Jericho knows how to make the audience pop... in their pants.
"Last but last least".
I want my Loverboy tape back, Lenny Lane.
This makes me want Jericho to be the ring announcer for every wrestling match ever.
El Dandy looks a little bit like Lou Ferrigno. I think El Dandy could fuck the Hulk up.
But does he know he Moss Covered, 3 Handled, Family Gradunzle?
blue vein steel
can Moss Covered, 3 Handled, Family Gradunzle become a tag please?
|blue vein steel |
is it just me, or is the entrance music from the sound track to the MSTed Final Sacrifice?
"but Beyonce had one of the best videos of all time!"
|MC Scared of Bees |
Bravely rated and reviewed, Wonko the Sane.
You know what?
I said you know what, guys?
You know what, guys?
You know what?
Hey, you know what guys?
Wonko doesn't like wrestling.
I can see not liking wrestling, but not liking Chris Jericho? And when he's doing what he does best?!
What Wonko doesn't realize is that Jericho is the most poeTV of all wrestlers. He may not win all the time, he may not have the biggest mainstream fan base, and his irreverent, quirky, smarky charm can be both infuriating and confusing to the uninitiated.

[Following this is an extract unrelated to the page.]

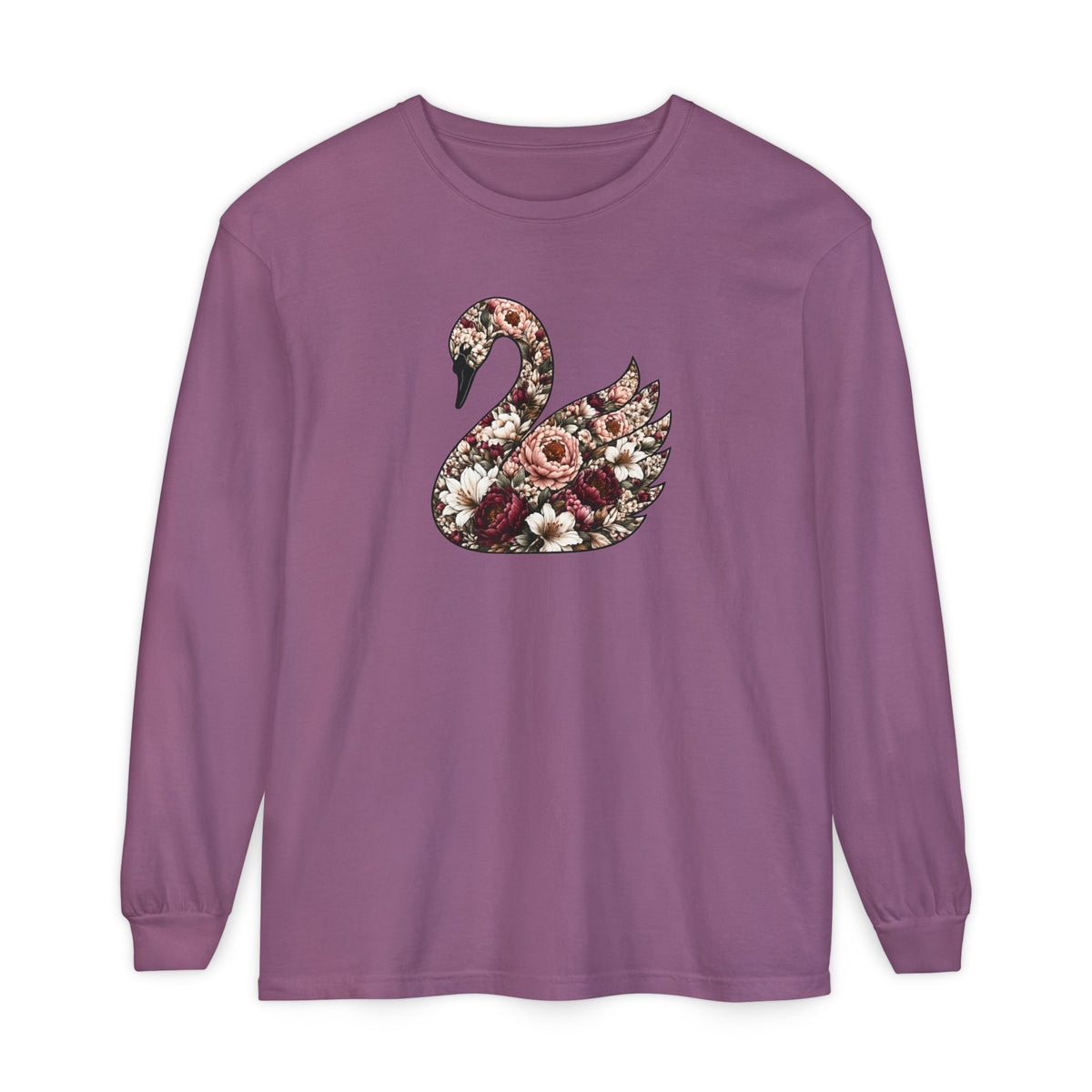 Peony and Plumage Long Sleeve T-Shirt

But if you get it, you know.
At least Wonko isn't spamming the site like an infantile moron with stupid shit that doesn't belong here but is being put here by creepy broken grown-ups with an axe to grind who know a bit TOO much about a brain-dead form of entertainment geared towards mentally slow children.
So, he at least has that going for him.
You and Wonko make a great heel tag team.
Now call us a bunch of inbred yokels and snarl into the microphone!
I find amusing that some of you guys get all angry over this wrestling videos. That is all.